Task -> Reproduce exactly the lines of the material beneath, from the line that contains "GjakoveKulla Dula Guesthouse的一间设有床铺的卧室,位于带窗户的房间内" to the line that contains "milablossom01 online show", both included, and no other lines.

Provided records ->
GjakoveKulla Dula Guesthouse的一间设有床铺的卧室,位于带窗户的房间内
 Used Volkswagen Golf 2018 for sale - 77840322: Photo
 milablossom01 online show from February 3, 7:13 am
* * *
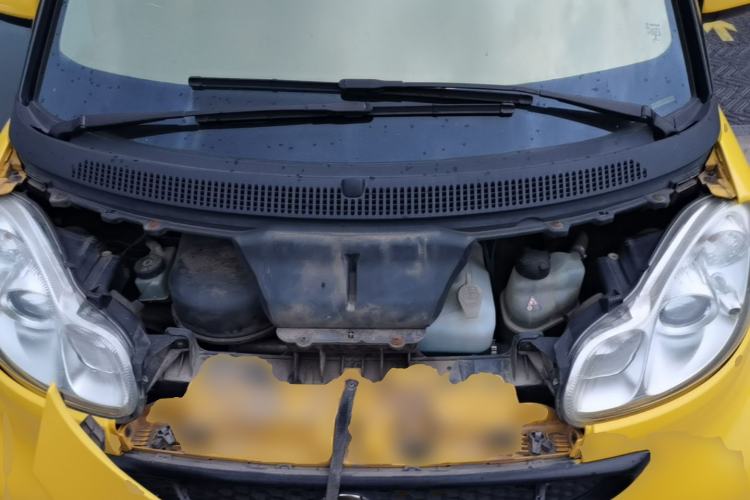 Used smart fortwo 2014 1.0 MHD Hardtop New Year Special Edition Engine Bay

Written solution ->
GjakoveKulla Dula Guesthouse的一间设有床铺的卧室,位于带窗户的房间内
 Used Volkswagen Golf 2018 for sale - 77840322: Photo
 milablossom01 online show from February 3, 7:13 am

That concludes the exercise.